There is perhaps no better hub for local food aficionados than a farmers’ market. Here gather the producers, the consumers, and the artists who forge links among them. Such a simple and clear concept—yet one that requires a lot more management than most folks suspect.
Enter Abby Wyatt, Market Manager for the Davidson Farmers’ Market. For the past year and a half, she has coordinated the chaos: deploying vendors, volunteers, and chefs in a continuing initiative to get local ingredients into residents’ kitchens.
“It’s technically a part-time gig,” says the energetic 35-year old, “But ultimately it ends up being a little bit more.” That’s because there’s more to the story than just lining up tables and tents.
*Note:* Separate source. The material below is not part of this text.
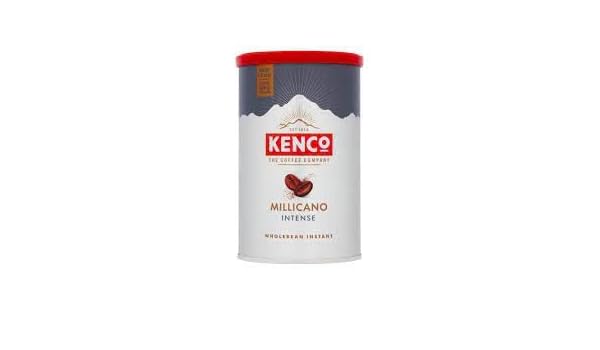 Kenco Millicano Intense Wholebean Instant Coffee 95g Pack - Intense and aromatic, Kenco Millicano Intense Wholebean Instant Coffee, 95g.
Originally from Washburn, VA, Wyatt and her husband Zack found their way to the clean-food club through their infant daughter’s battle with eczema eight years ago. “When they thought it was allergies, we then had to go gluten free, dairy free, soy free, everything, for six months. That was when we really started focusing more on, ‘Oh, what you put in your [mouth] does affect the rest of your body!’”
Reading labels led to seeking clean food, led to purchasing local food, and by the time they found themselves installed in Cornelius a couple years later after a job transfer, those habits were ingrained.
Wyatt’s involvement in the market grew naturally from her regular presence there as a customer.
“I just got lucky by meeting people. It just happened that when they started looking for a new manager I was like, ‘That’s something I would really like to do!’”
That was December 2015, and since then she’s become an unfailing force at the market. Most vendors and customers see her on Saturday mornings, hauling tables, answering questions, wrangling volunteers. Her market days start early, but are also a favorite time of the week. “5:30, 6:00 on Saturday morning is my happy place,” she says. “I just put my headphones in and do my thing. It’s my moment of peace without kids or husband or anybody else around.”
Soon enough, volunteers, customers and vendors join her in the market lots stretching alongside and behind Summit Coffee.
Around 40 to 45 sellers pull in by 7:30am, followed by hundreds of shoppers.
At the height of the summer season, over a thousand customers may come through the market on a single Saturday, finding more than just tables of produce, meats or baked goods.
That’s because Wyatt has been busy behind the scenes all week long. “I plan events, chef demonstrations or activities that we have—just coordinating what’s happening, checking in with everyone, doing the newsletter.” Each week she gathers details from vendors of new items coming in from fields and kitchens, so she can broadcast it to shoppers planning their purchases. All in all, she may spend 30 hours making sure Saturday comes off without a hitch.
Wyatt also visits vendors on a regular rotating schedule, to ensure that what is brought to market is truly local and clean. This is another favorite part of her job. “I just love seeing what they do and how they do it, and walking around the farm.”
The vendors themselves have noticed Wyatt’s active involvement. “She is always asking for feedback,” says PCG member Dani Rowland of Rowland’s Row Farm. “What we want to see, what we need, and what could be done to make the market better.”
Reaching out to the community is key in Wyatt’s approach, and PCG membership falls neatly into her wheelhouse. “I rely mainly on the PCG Members Facebook group,” she says, since she can’t often attend the member meet-ups.
Aside from keeping up with other members, Wyatt has found the group helpful in mustering vendors, volunteers, and chefs for demonstrations. “I think it’s a great connector for everyone.”
The PCG Members Facebook Group helped Abby connect with PCG member Lee Menius, owner of nearby Carolina Craft Butchery, who will be showing customers how to break down a whole chicken on July 29.
With access to the PCG’s diverse talent pool, Wyatt hopes to pull in a wider variety of food entrepreneurs, for market demonstrations sharing their different skills and products. “We’re a little outside the Charlotte-focused area, so I would like to see people come up and showcase what’s going on in Charlotte,” she says, envisioning wine tastings and “different kinds of events that focus on what is in season.”
She’s also determined to spread the market’s bounty into part of the community that doesn’t often have access to such fresh, high-quality food. She began last year by raising funds for a matching program for SNAP recipients, which this season provides up to an additional $20 each week for qualifying shoppers.
But Wyatt recognizes a need to make the market a more accessible option for low-income families. “Transportation, time—there are all of these hurdles that lower-income people face to get their food.” So she’s partnered with the nearby Ada Jenkins Center, bringing market surplus for their food pantry, and organizing a cooking demonstration at the center, complete with recipes and cost breakdowns. “For me, that’s my biggest goal, is to get that program to be utilized more. It helps them, it helps the vendors, it’s just good all around.”
With Wyatt’s guidance, Davidson Farmers Market is going above and beyond to serve the community. In anticipation of its tenth anniversary in 2018, Wyatt has plans to make the market even more welcoming and vibrant, with special events and fundraisers.
But don’t think she’s dreading the extra hours.
“I feel very lucky to be able to do it. It’s a fun job, and I get to work with amazing people.”
No doubt, others might say the same of her.